When I called Citibank to find out why they imposed this charge on this transaction, they replied that it was due to Groupon processing this payment overseas. I protested that this was outside my control, as Groupon’s Singapore website does not inform its customers where it was processing payments. They agreed to waive the charge, but warned that similar transactions in the future would incur such a fee. They even mentioned recently imposing this charge on an Uber transaction carried out on a mobile-phone app, because the latter too had processed the payment overseas.
I was very upset, as I now have little faith on which online transactions would not incur such a fee. If I had gone to, say, Amazon’s website in the United States, the option to elect payment in another currency was clear, and I could easily avoid this painful 8% levy. However, there is now a chance of suffering this penalty even when I make online purchases on local websites and apps in Singapore Dollar terms.

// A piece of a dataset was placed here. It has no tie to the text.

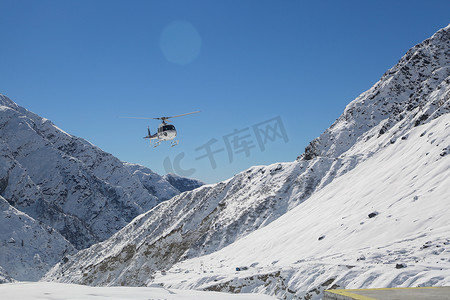 直升机在喜马拉雅山白雪覆盖的山谷中飞行。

I was so troubled by this incident that I called a friend of mine in the United States to further discuss this matter. As a retired global senior management member of one of the big credit-card companies, he shared with me his insights on my case.
Firstly, he explained the process by which Visa bills banks for using their credit-card for overseas foreign-currency transactions. For example, if I were to go to the United States, make a purchase there, and pay in US Dollar terms, Visa will bill this transaction to my bank in Singapore, which issued the Visa credit-card to me, in Singapore Dollar terms, plus a 1% fee. Note that Visa makes a profit from the US Dollar to Singapore Dollar conversion. Furthermore, my bank in Singapore will bill this transaction to me at a different rate, as they too will make an additional profit from US Dollar to Singapore Dollar conversion. So, the final Singapore Dollar amount that I pay reflects the cost of the purchase, Visa’s foreign-exchange profit, Visa’s 1% transaction charge, and my bank’s foreign-exchange profit.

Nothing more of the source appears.